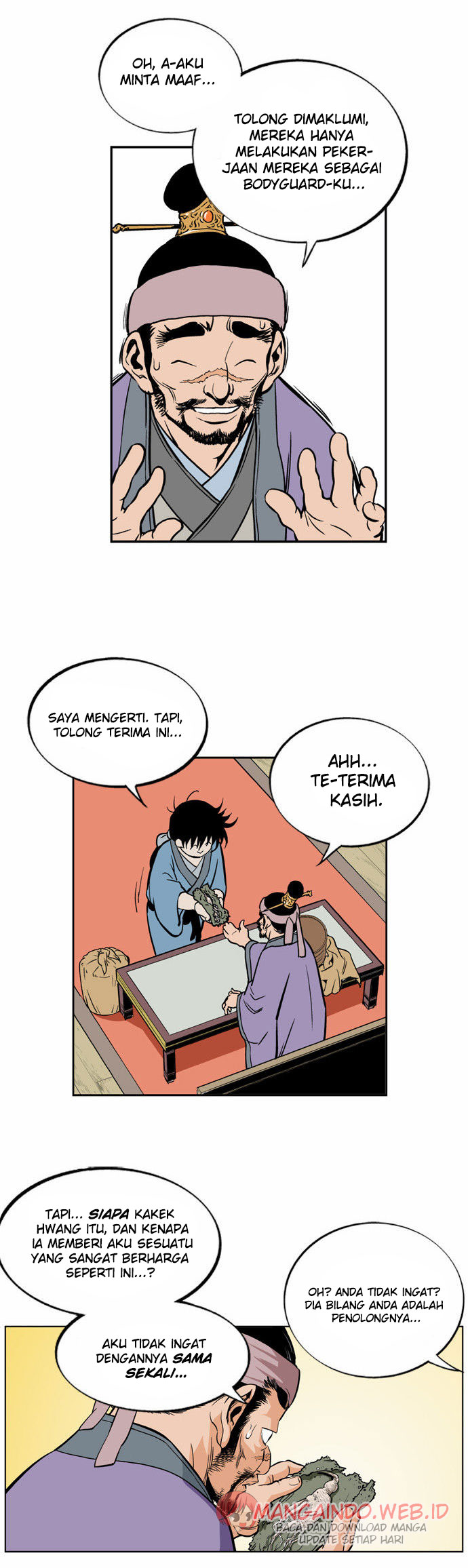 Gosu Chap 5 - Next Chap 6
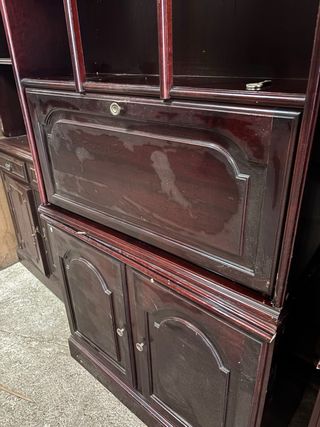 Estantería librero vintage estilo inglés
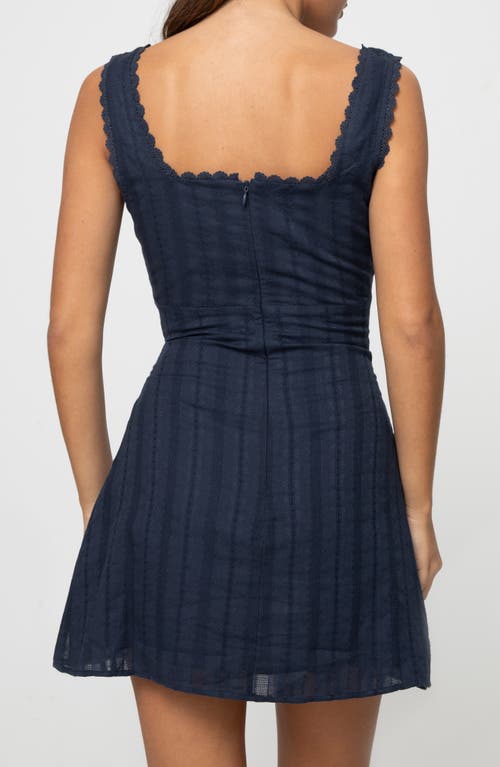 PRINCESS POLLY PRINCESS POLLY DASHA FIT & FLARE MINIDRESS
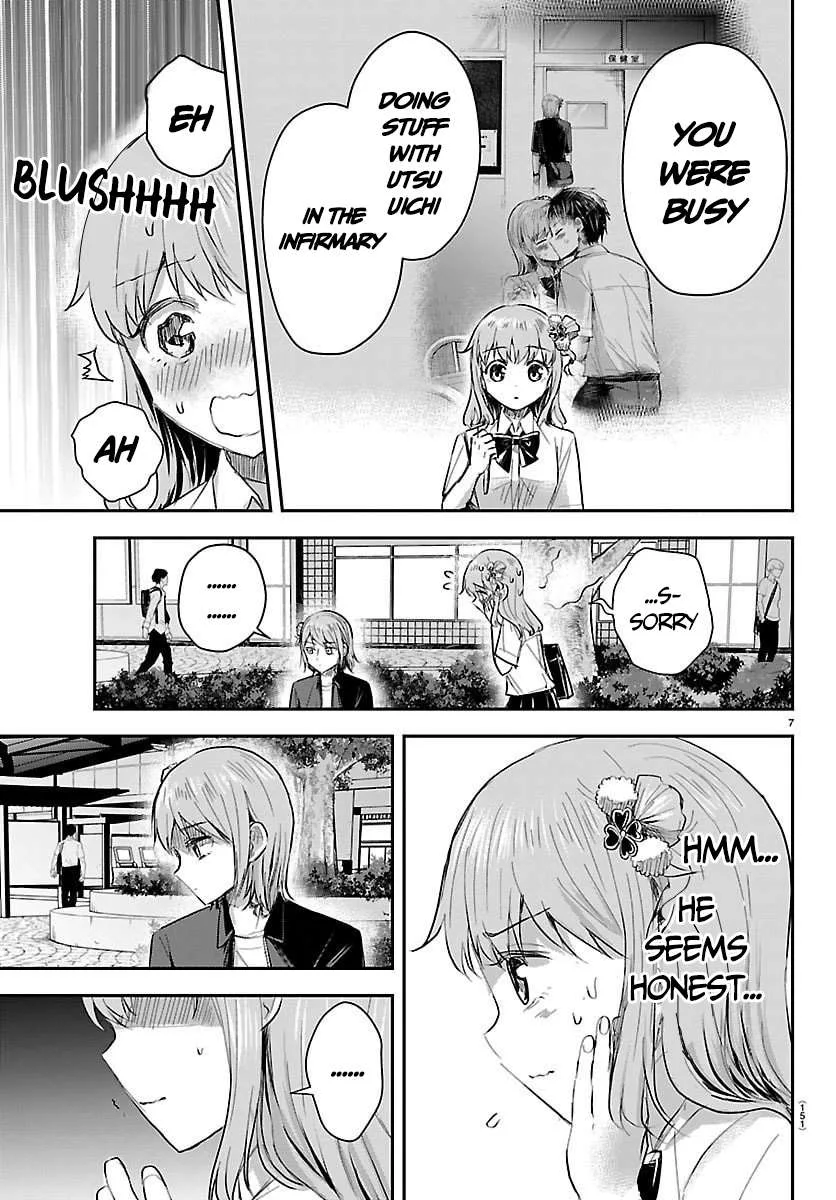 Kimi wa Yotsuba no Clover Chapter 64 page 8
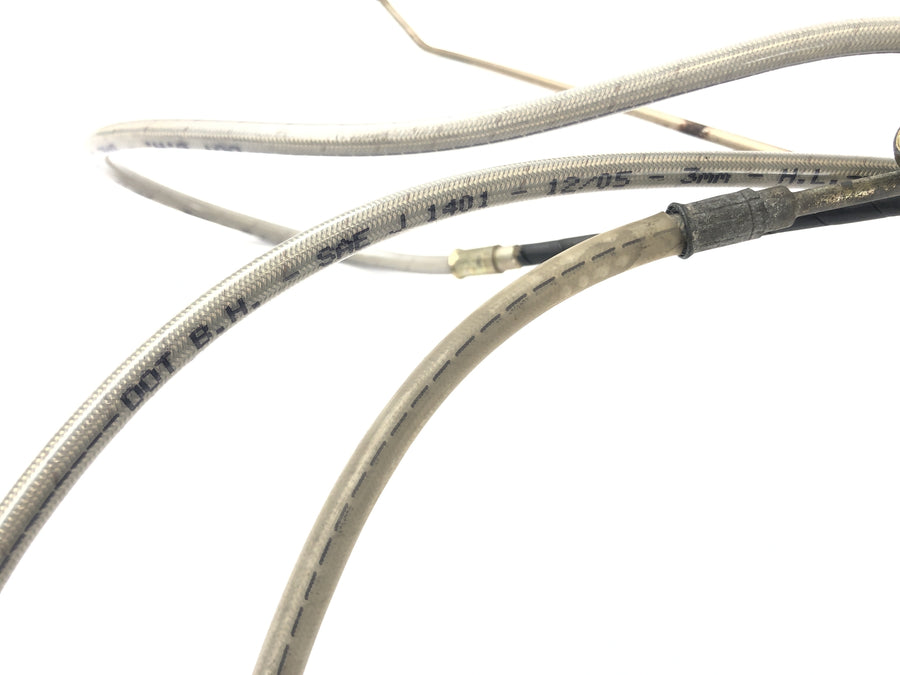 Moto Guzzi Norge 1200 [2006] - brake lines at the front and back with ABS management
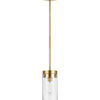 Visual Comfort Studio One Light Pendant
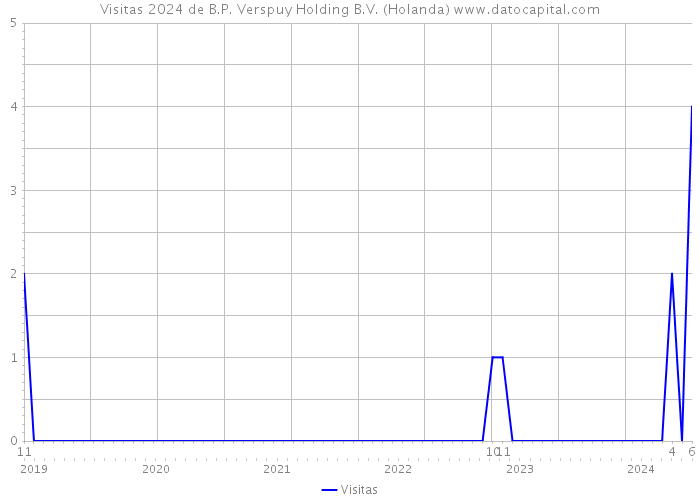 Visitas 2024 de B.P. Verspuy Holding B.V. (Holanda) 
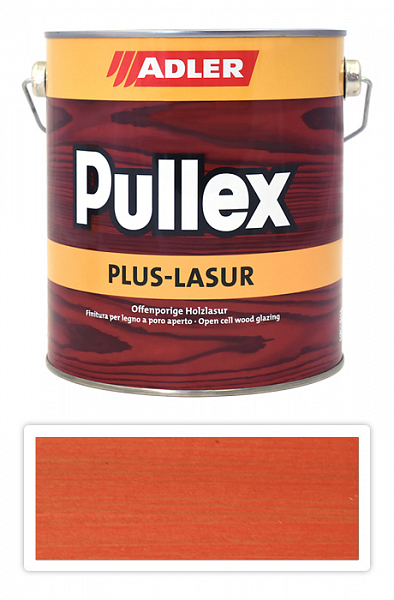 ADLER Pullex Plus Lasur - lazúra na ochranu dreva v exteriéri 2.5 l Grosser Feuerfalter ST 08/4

* * *

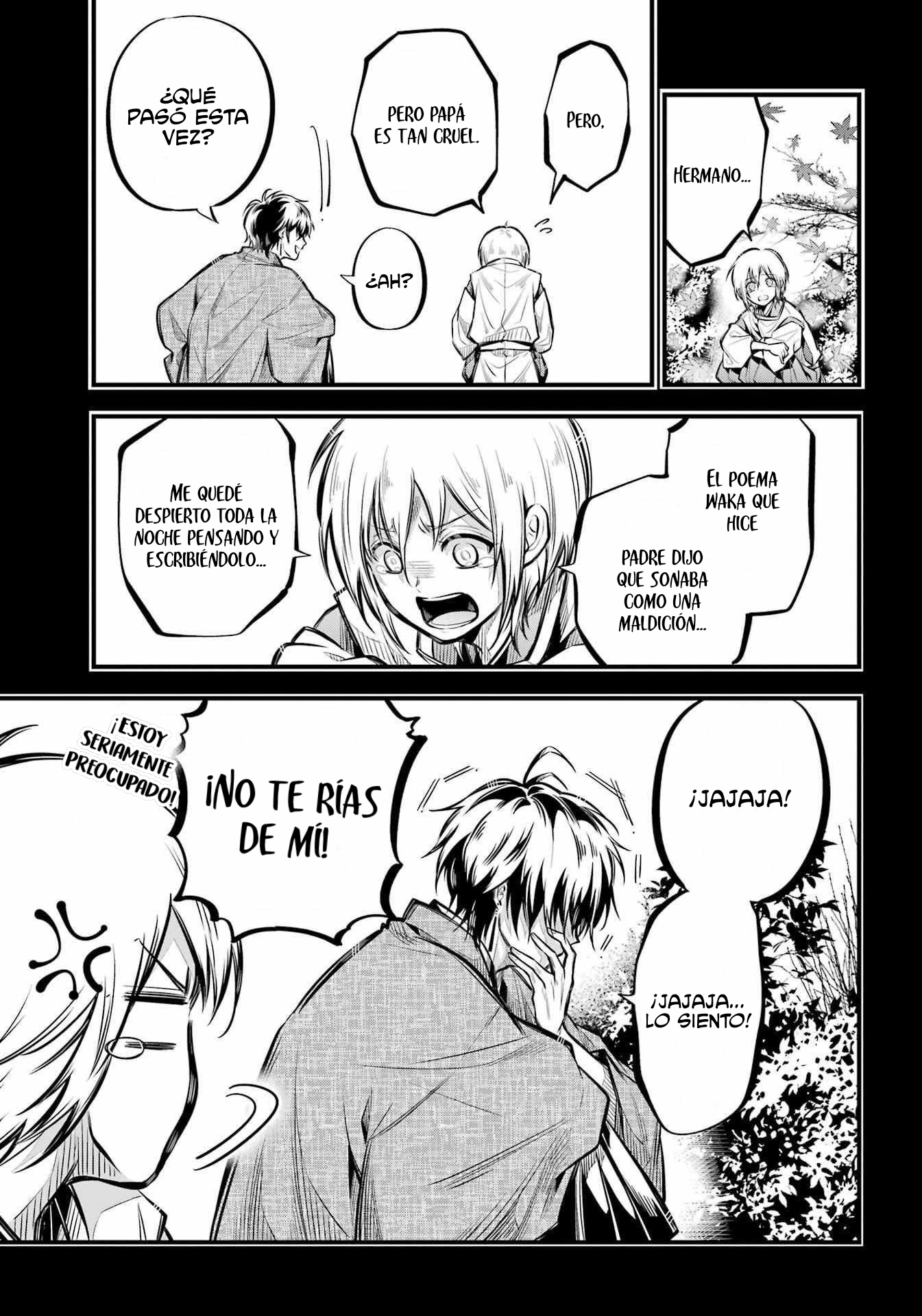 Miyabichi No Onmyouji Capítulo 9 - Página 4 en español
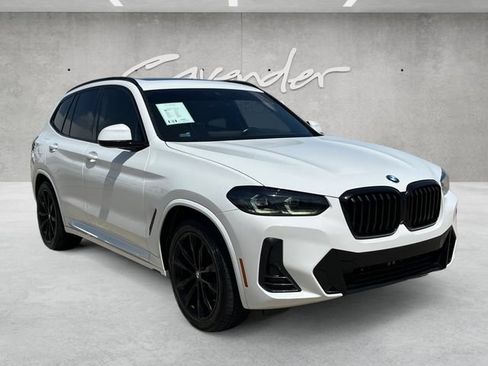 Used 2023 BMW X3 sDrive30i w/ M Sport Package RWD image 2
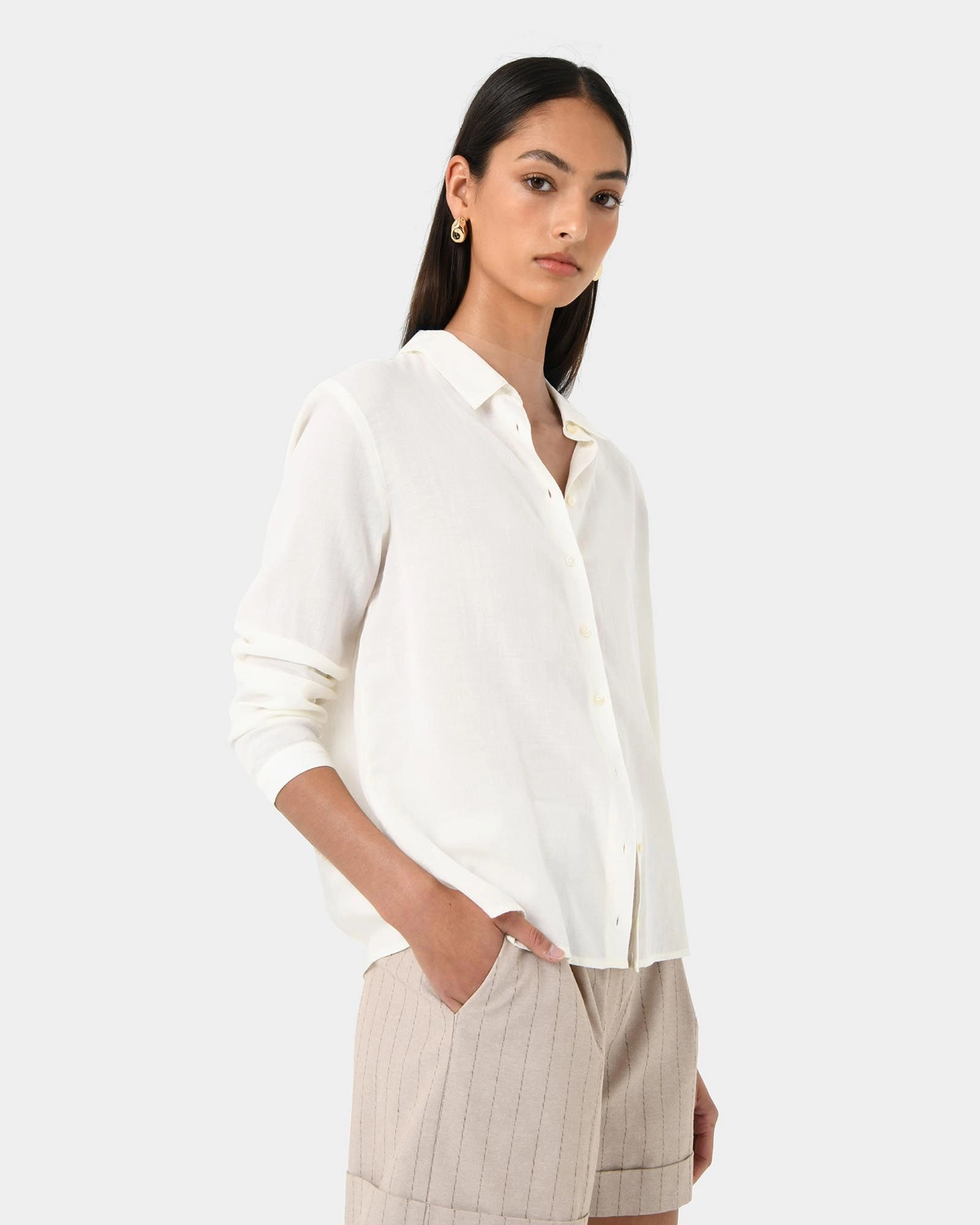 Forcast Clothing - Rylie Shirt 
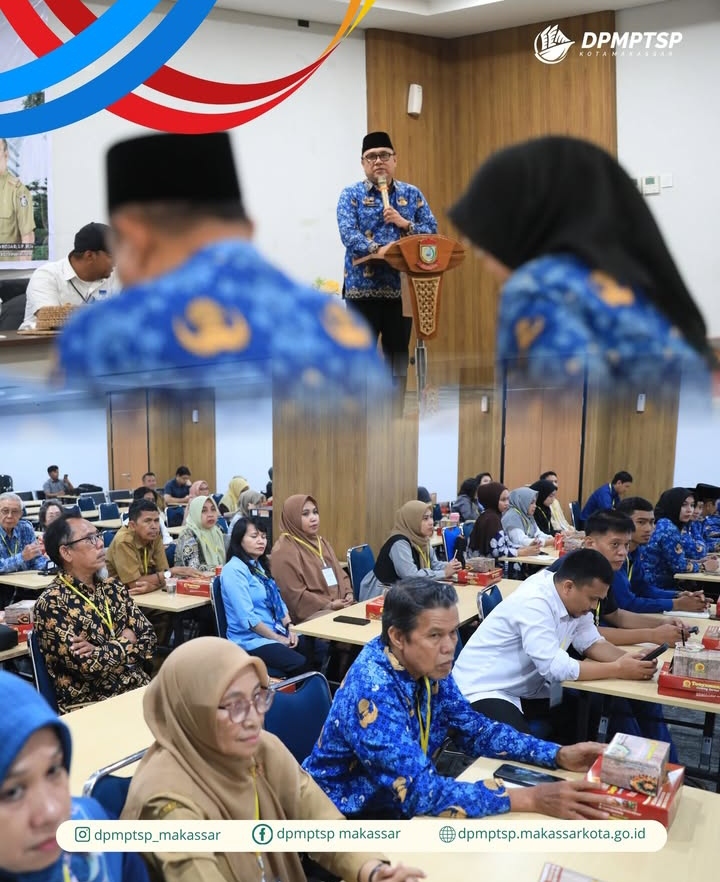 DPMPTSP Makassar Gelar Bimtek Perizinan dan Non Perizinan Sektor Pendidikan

= EXERCISE BRIEF =
Going by the data above, give back only the lines from the one containing "Visitas 2024 de" through the one containing "ADLER Pullex Plus", exactly as they stand, both ends included and no images.

= ANSWER TO THIS EXERCISE =
 Visitas 2024 de B.P. Verspuy Holding B.V. (Holanda) 
 ADLER Pullex Plus Lasur - lazúra na ochranu dreva v exteriéri 2.5 l Grosser Feuerfalter ST 08/4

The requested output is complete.